Jesus once said to Nathanael, “Here is a true Israelite in whom there is nothing false.”  In truth, we do not know very much about the disciples.  Two of them, Matthew and John, succeed in writing whole Gospels without hardly mentioning themselves within the story.  The Bible passage for this week, the week beginning 17th January, sheds some light on two of the disciples – Philip and Nathanael.  Doubtless, these two were close friends and work colleagues, coming from the same part of Galilee.  It is also likely that they both studied the scriptures together.  Indeed, it may be that Nathanael was meditating on the scriptures away from the noise of the house, under a fig tree when Jesus first saw him.  Jesus clearly had a high regard for Nathanael declaring that there was ‘nothing false’ in him.  However, Nathanael, Philip and all the other disciples were also prone to despair, despondency, negativity and even cynicism.  Nathanael, for example, declared, “Can anything good come out of Nazareth?”  Philip, in turn, could not believe that there was any hope for them to feed five thousand men on the hillside:  “Eight months’ wages would not buy enough bread for each one to have a bit!”  I find it immensely re-assuring that these great people who went on to plant churches, revolutionise the world and give their lives for their faith all started from a position of weakness.  God is less interested in what we have been and more interested in what we can become.  This year, 2021, why not start the journey of being a better disciple so that, one day, like Nathanael, we can hear the words of God: “This person is a true follower of Jesus in whom there is nothing false.”

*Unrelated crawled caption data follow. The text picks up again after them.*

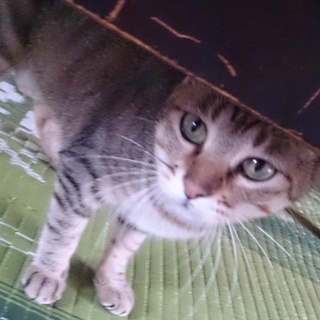 マオちゃんの里親募集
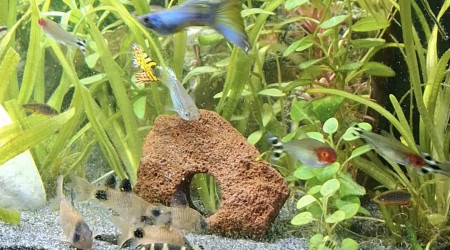 Arrivée du dernier Botia kubotai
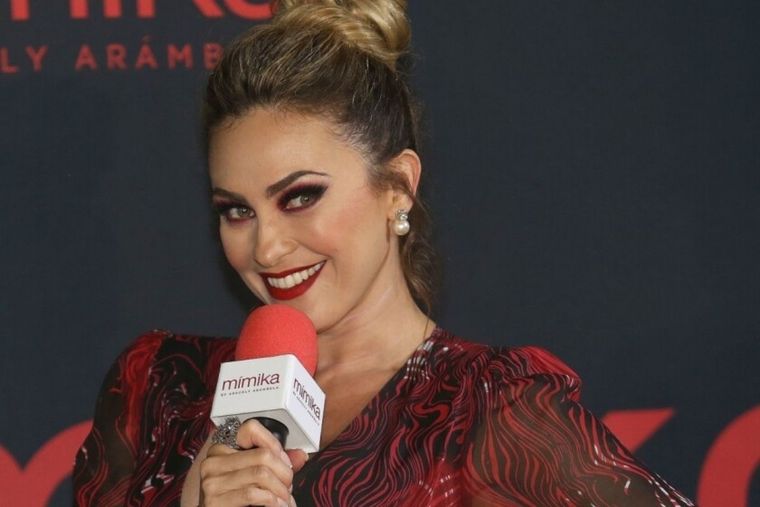 Aracely Arámbula Aracely Arámbula ex de Luis Miguel Foto: Los Ángeles Times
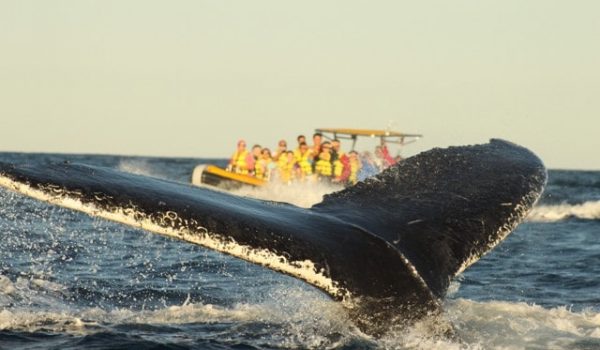 Breaching Ballenas gris Los Cabos
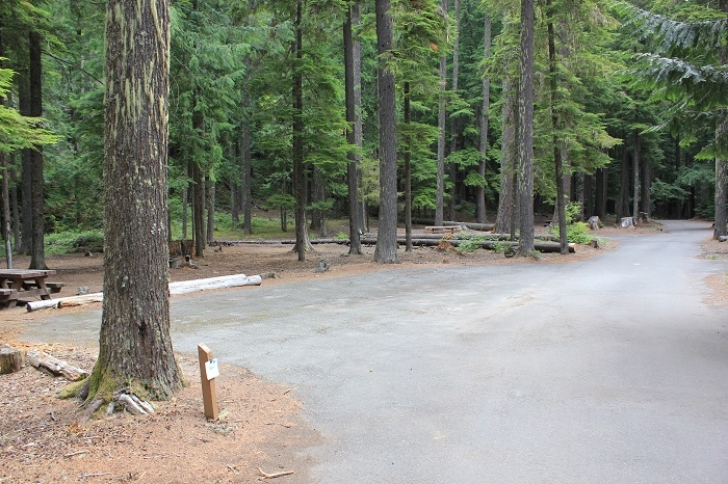 Camping in Washingtons Adams Fork Campground - Campsite 4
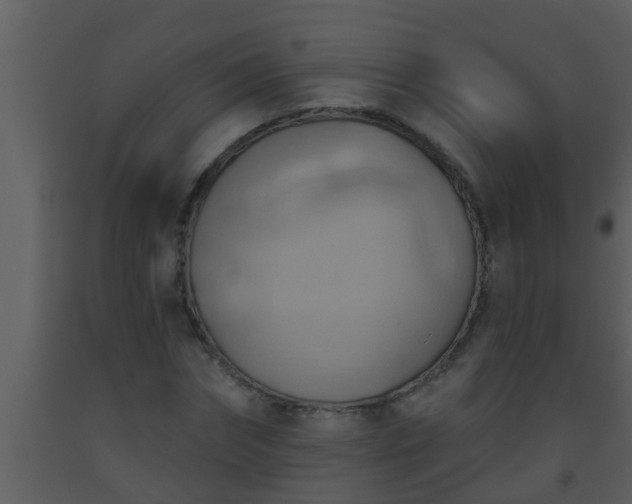 X0000093520874200710191330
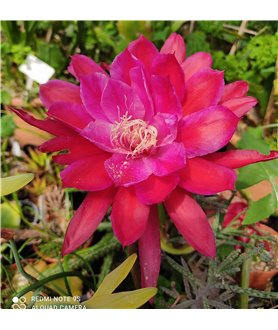 Epiphyllum Eastern Crimson
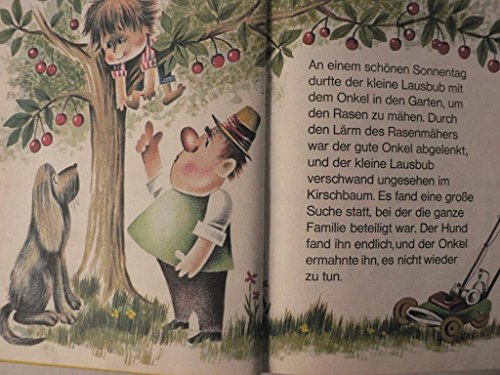 Der kleine Lausbub und seine großen Streiche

First Sunday after the Epiphany – Sunday, 10th January 2021

Too many people for too many centuries have laboured under the misapprehension that God is not pleased with them.  God has often been viewed as a harsh judge who likes to condemn us for our wrongdoings.  In my personal experience, of over 40 years as a Christian, nothing could be further from the truth.  More crucially, the notion that God is not pleased with us is not the message of the Bible.  This week, the week beginning 10th January, the Gospel passage includes the words of God at Jesus’ baptism: “You are my Son, whom I love; WITH YOU I AM WELL PLEASED.”  The amazing reality is that, if we are fully united to Christ and imitate Him, then these words of God can be levelled at us!  Maybe we should start 2021 by letting these words wash over us, again and again.  Maybe this is the year when we should dispel the notion that God is not pleased with us because then, and only then, can we fully be the people God wants us to be in 2021.

7th Sunday after Epiphany

What should we do if someone wrongs us?  For most people, they would say that we should respond by wronging the perpetrator even more.  Firstly, to make them repay for the damage they have done us and then, on top of that to go beyond what they did to us so that they never think of doing it again.  The result would of course be retaliation and escalation until it all gets out of control and ends in a feud.  For this reason, the Old Testament law was that the repayment of any wrong must not go beyond the amount that the person has been wronged.  This was the law of an eye for an eye and a tooth for a tooth but no more!  It was actually to limit revenge and show control and some degree of mercy.  In the Bible reading for this week, Jesus goes one better than the law.  Jesus offers a new sort of justice: a creative, restorative and healing justice.  Jesus says take no revenge at all.  It is only this response that reflects the patient, forgiving and overflowing love of God towards those who hurt us.  It is only this response that can break the cycle of violence.  It can break the cycle of violence between nations, tribes and individuals.  No other god encourages people to behave in this way.  It is truly revolutionary and it actually works.